» Aim of the task
Make an exact copy of every record that follows.

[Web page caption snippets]
◆ ◆ ◆ ◆ ◆ ◆ ◆

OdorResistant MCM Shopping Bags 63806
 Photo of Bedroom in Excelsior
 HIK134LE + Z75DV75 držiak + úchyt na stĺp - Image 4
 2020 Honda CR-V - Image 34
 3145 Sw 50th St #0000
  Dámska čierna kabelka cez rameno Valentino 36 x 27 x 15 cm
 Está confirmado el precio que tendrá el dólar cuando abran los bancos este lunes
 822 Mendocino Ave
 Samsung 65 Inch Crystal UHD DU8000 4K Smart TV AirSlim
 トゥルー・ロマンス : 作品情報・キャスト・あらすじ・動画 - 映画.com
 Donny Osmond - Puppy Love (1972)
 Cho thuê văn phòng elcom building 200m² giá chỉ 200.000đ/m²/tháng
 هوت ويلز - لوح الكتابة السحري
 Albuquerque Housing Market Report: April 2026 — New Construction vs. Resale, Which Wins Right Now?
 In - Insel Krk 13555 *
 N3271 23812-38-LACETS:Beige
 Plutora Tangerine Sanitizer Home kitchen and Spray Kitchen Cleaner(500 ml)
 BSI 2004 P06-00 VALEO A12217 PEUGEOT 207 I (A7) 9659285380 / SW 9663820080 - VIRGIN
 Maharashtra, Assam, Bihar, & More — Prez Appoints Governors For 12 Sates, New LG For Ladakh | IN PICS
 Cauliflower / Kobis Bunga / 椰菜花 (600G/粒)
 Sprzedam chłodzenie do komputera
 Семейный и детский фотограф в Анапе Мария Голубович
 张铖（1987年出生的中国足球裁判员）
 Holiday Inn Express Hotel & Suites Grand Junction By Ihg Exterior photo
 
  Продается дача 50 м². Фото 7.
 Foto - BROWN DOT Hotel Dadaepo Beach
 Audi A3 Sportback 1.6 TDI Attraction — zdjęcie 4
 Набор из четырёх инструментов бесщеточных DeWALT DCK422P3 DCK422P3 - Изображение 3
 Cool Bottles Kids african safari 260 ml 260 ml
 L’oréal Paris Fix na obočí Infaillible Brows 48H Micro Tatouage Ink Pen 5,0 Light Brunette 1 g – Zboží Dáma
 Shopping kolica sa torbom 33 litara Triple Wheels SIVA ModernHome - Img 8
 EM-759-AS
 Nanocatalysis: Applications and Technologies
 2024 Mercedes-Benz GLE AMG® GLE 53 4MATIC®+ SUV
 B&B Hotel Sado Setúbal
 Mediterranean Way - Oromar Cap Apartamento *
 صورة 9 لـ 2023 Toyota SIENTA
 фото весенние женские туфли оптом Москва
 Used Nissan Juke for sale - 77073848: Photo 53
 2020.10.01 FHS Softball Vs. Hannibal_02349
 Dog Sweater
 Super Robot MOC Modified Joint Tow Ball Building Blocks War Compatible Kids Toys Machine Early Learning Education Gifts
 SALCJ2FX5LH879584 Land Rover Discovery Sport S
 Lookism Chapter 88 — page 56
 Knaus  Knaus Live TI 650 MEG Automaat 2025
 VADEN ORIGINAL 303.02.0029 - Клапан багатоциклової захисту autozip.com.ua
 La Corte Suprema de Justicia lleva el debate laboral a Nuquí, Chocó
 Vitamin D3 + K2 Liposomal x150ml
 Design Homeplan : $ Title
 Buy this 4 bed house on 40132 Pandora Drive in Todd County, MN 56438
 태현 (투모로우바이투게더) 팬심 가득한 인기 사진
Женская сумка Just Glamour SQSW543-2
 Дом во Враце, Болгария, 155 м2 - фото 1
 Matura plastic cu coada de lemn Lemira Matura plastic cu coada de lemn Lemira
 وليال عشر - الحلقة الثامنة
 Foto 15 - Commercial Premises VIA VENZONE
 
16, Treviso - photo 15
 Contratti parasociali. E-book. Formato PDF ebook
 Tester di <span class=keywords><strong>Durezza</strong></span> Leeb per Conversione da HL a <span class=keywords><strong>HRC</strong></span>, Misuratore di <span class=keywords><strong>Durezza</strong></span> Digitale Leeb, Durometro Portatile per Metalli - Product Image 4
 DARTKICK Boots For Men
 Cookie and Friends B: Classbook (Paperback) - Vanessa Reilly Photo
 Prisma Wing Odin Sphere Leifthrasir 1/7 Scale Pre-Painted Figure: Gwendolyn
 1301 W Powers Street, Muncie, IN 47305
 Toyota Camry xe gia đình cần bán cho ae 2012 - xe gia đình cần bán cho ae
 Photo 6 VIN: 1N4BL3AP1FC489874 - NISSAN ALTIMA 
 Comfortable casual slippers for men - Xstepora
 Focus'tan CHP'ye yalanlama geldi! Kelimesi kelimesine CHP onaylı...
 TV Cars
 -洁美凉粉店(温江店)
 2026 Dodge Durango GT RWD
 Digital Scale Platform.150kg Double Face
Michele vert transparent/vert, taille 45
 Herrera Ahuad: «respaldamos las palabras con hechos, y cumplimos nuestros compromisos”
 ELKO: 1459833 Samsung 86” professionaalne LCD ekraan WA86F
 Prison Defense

◆ ◆ ◆ ◆ ◆ ◆ ◆

» Solution to this exercise
OdorResistant MCM Shopping Bags 63806
 Photo of Bedroom in Excelsior
 HIK134LE + Z75DV75 držiak + úchyt na stĺp - Image 4
 2020 Honda CR-V - Image 34
 3145 Sw 50th St #0000
  Dámska čierna kabelka cez rameno Valentino 36 x 27 x 15 cm
 Está confirmado el precio que tendrá el dólar cuando abran los bancos este lunes
 822 Mendocino Ave
 Samsung 65 Inch Crystal UHD DU8000 4K Smart TV AirSlim
 トゥルー・ロマンス : 作品情報・キャスト・あらすじ・動画 - 映画.com
 Donny Osmond - Puppy Love (1972)
 Cho thuê văn phòng elcom building 200m² giá chỉ 200.000đ/m²/tháng
 هوت ويلز - لوح الكتابة السحري
 Albuquerque Housing Market Report: April 2026 — New Construction vs. Resale, Which Wins Right Now?
 In - Insel Krk 13555 *
 N3271 23812-38-LACETS:Beige
 Plutora Tangerine Sanitizer Home kitchen and Spray Kitchen Cleaner(500 ml)
 BSI 2004 P06-00 VALEO A12217 PEUGEOT 207 I (A7) 9659285380 / SW 9663820080 - VIRGIN
 Maharashtra, Assam, Bihar, & More — Prez Appoints Governors For 12 Sates, New LG For Ladakh | IN PICS
 Cauliflower / Kobis Bunga / 椰菜花 (600G/粒)
 Sprzedam chłodzenie do komputera
 Семейный и детский фотограф в Анапе Мария Голубович
 张铖（1987年出生的中国足球裁判员）
 Holiday Inn Express Hotel & Suites Grand Junction By Ihg Exterior photo
 
  Продается дача 50 м². Фото 7.
 Foto - BROWN DOT Hotel Dadaepo Beach
 Audi A3 Sportback 1.6 TDI Attraction — zdjęcie 4
 Набор из четырёх инструментов бесщеточных DeWALT DCK422P3 DCK422P3 - Изображение 3
 Cool Bottles Kids african safari 260 ml 260 ml
 L’oréal Paris Fix na obočí Infaillible Brows 48H Micro Tatouage Ink Pen 5,0 Light Brunette 1 g – Zboží Dáma
 Shopping kolica sa torbom 33 litara Triple Wheels SIVA ModernHome - Img 8
 EM-759-AS
 Nanocatalysis: Applications and Technologies
 2024 Mercedes-Benz GLE AMG® GLE 53 4MATIC®+ SUV
 B&B Hotel Sado Setúbal
 Mediterranean Way - Oromar Cap Apartamento *
 صورة 9 لـ 2023 Toyota SIENTA
 фото весенние женские туфли оптом Москва
 Used Nissan Juke for sale - 77073848: Photo 53
 2020.10.01 FHS Softball Vs. Hannibal_02349
 Dog Sweater
 Super Robot MOC Modified Joint Tow Ball Building Blocks War Compatible Kids Toys Machine Early Learning Education Gifts
 SALCJ2FX5LH879584 Land Rover Discovery Sport S
 Lookism Chapter 88 — page 56
 Knaus  Knaus Live TI 650 MEG Automaat 2025
 VADEN ORIGINAL 303.02.0029 - Клапан багатоциклової захисту autozip.com.ua
 La Corte Suprema de Justicia lleva el debate laboral a Nuquí, Chocó
 Vitamin D3 + K2 Liposomal x150ml
 Design Homeplan : $ Title
 Buy this 4 bed house on 40132 Pandora Drive in Todd County, MN 56438
 태현 (투모로우바이투게더) 팬심 가득한 인기 사진
Женская сумка Just Glamour SQSW543-2
 Дом во Враце, Болгария, 155 м2 - фото 1
 Matura plastic cu coada de lemn Lemira Matura plastic cu coada de lemn Lemira
 وليال عشر - الحلقة الثامنة
 Foto 15 - Commercial Premises VIA VENZONE
 
16, Treviso - photo 15
 Contratti parasociali. E-book. Formato PDF ebook
 Tester di <span class=keywords><strong>Durezza</strong></span> Leeb per Conversione da HL a <span class=keywords><strong>HRC</strong></span>, Misuratore di <span class=keywords><strong>Durezza</strong></span> Digitale Leeb, Durometro Portatile per Metalli - Product Image 4
 DARTKICK Boots For Men
 Cookie and Friends B: Classbook (Paperback) - Vanessa Reilly Photo
 Prisma Wing Odin Sphere Leifthrasir 1/7 Scale Pre-Painted Figure: Gwendolyn
 1301 W Powers Street, Muncie, IN 47305
 Toyota Camry xe gia đình cần bán cho ae 2012 - xe gia đình cần bán cho ae
 Photo 6 VIN: 1N4BL3AP1FC489874 - NISSAN ALTIMA 
 Comfortable casual slippers for men - Xstepora
 Focus'tan CHP'ye yalanlama geldi! Kelimesi kelimesine CHP onaylı...
 TV Cars
 -洁美凉粉店(温江店)
 2026 Dodge Durango GT RWD
 Digital Scale Platform.150kg Double Face
Michele vert transparent/vert, taille 45
 Herrera Ahuad: «respaldamos las palabras con hechos, y cumplimos nuestros compromisos”
 ELKO: 1459833 Samsung 86” professionaalne LCD ekraan WA86F
 Prison Defense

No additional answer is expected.